Java 10 was released a couple of weeks ago but we’re still dissecting its most important feature(s) (*cough*Local-Variable Type Inference*cough*), as well as the features that didn’t make the cut. Now it’s time to talk about migration. Is it a breeze or a tornado? Our 11 interviewees will weigh in on this issue in a moment.
Java 9 will also make an appearance in today’s interview because even though Java 10 is here, we’d like to know whether our Java heroes have migrated to Java 9 or have chosen to skip it entirely — this question is especially relevant to us since our recent poll showed that a lot of developers are still using Java 8.
We keep circling back to the Java SE support roadmap but it’s important to realize that Java SE 9 and 10 are short-term releases. Therefore, users are encouraged to transition to the next release when available. In short, this means that if you don’t give them a chance when they are out, you won’t have another shot at playing with them later on.
Don’t miss the first two parts of our Java 10 interview series:
Back to our interview series!
11 answers: Will you be migrating to Java 10 anytime soon?
Meet our Java experts
Donald Smith: I’ve already made Java 10 my base JDK for demos and presentations.
The question is not when we will migrate to Java 10, but when we will migrate to Java 8 for IMDG?

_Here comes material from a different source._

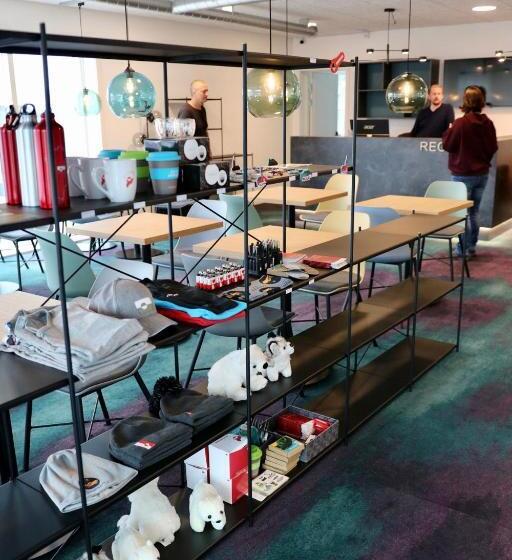 اتاق لوکس خانوادگی, Aurora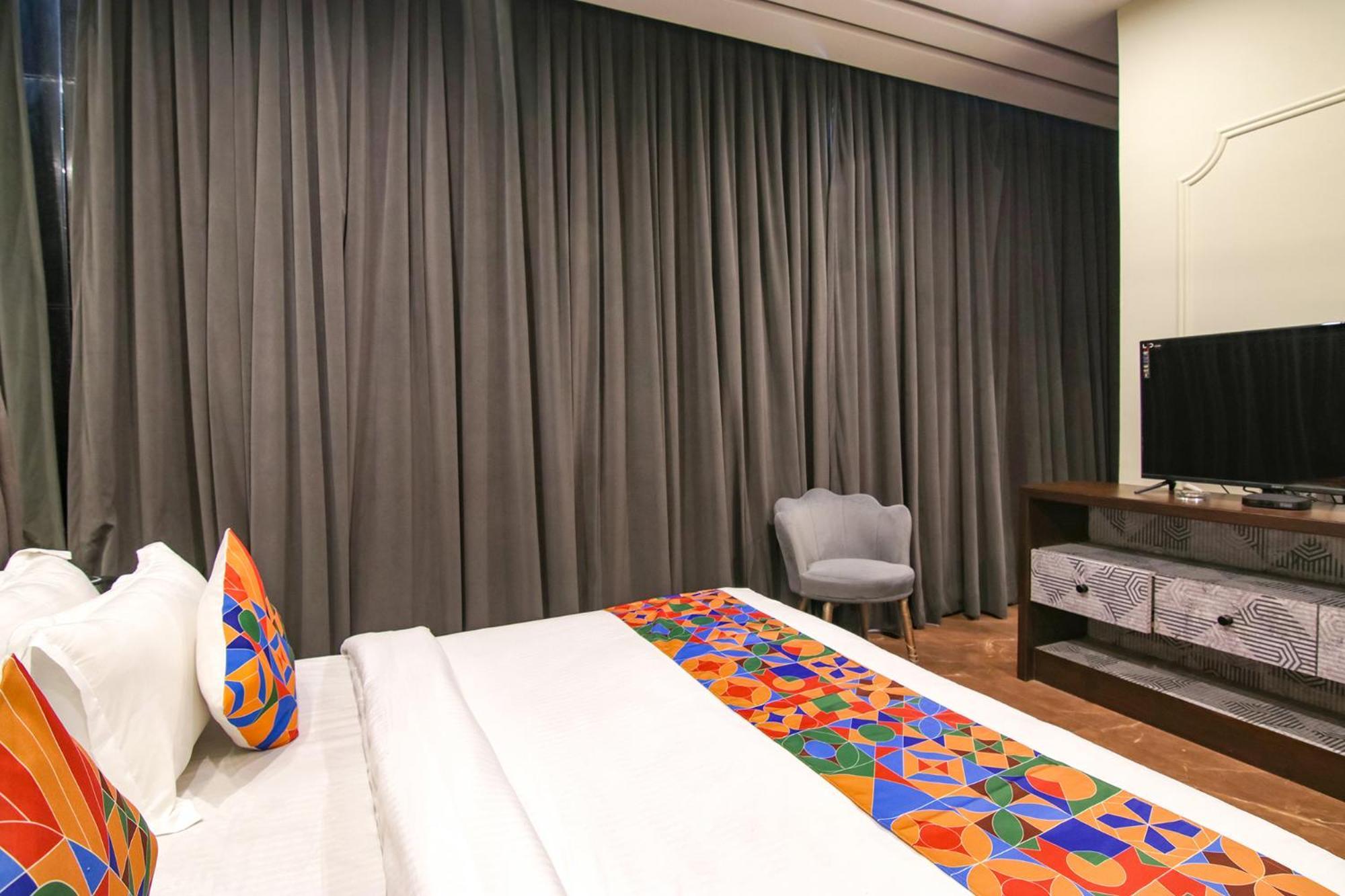 Fabhotel Prime K9 Crown Ludhiana Exterior foto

Greg Luck: Hazelcast has two open source projects: Hazelcast In-Memory Data Grid, by which we are best known, and a new one Hazelcast Jet, a stream processing engine. Hazelcast IMDG is at language level Java 6 while Jet is as Java language level 8.
Hazelcast IMDG has 49MM phone homes a month — huge installed base. As of end February 2018, 95% of Hazelcast IMDG users on 3.6 or higher are using Java 8. This up from 77% in September 2016. So, the question is not when we will migrate to Java 10, but when we will migrate to Java 8 for IMDG?
For Jet, we only released the first public release in February 2017. We will upgrade to a new version of Java if there are enough attractive features to warrant it.
And to me, this underlines a serious problem with the rapid release of Java versions. While it is easy for applications to move up to the latest JDK, it is not easy at all for infrastructure providers to do so because of their need to accommodate the installed base.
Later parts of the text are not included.